PROBLEM DETAILS »
Print the records below exactly, from the line containing "a house with brick chimney" down to the line containing "ROMANTICWORK Cadeau de", both lines included, and omit every picture.

DATA SUPPLIED »
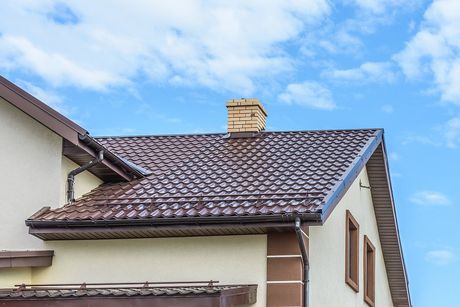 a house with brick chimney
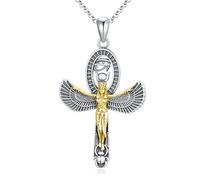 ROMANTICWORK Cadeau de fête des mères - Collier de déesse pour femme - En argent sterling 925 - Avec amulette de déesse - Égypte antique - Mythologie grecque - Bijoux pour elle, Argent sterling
---
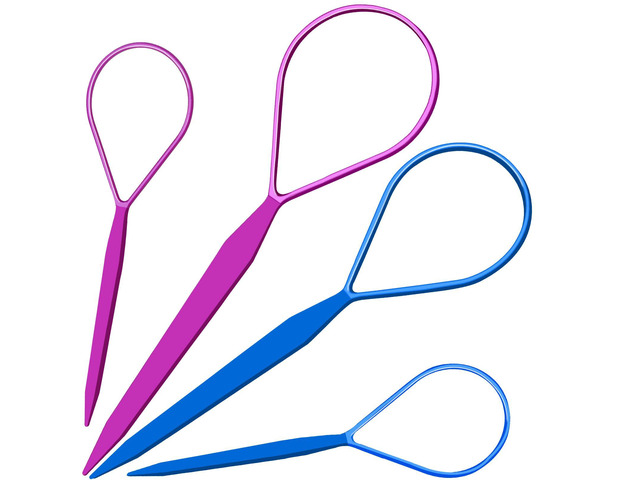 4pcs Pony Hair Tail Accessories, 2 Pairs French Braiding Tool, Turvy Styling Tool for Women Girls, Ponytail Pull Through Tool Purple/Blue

ANSWER FOR THIS EXERCISE »
 a house with brick chimney
 ROMANTICWORK Cadeau de fête des mères - Collier de déesse pour femme - En argent sterling 925 - Avec amulette de déesse - Égypte antique - Mythologie grecque - Bijoux pour elle, Argent sterling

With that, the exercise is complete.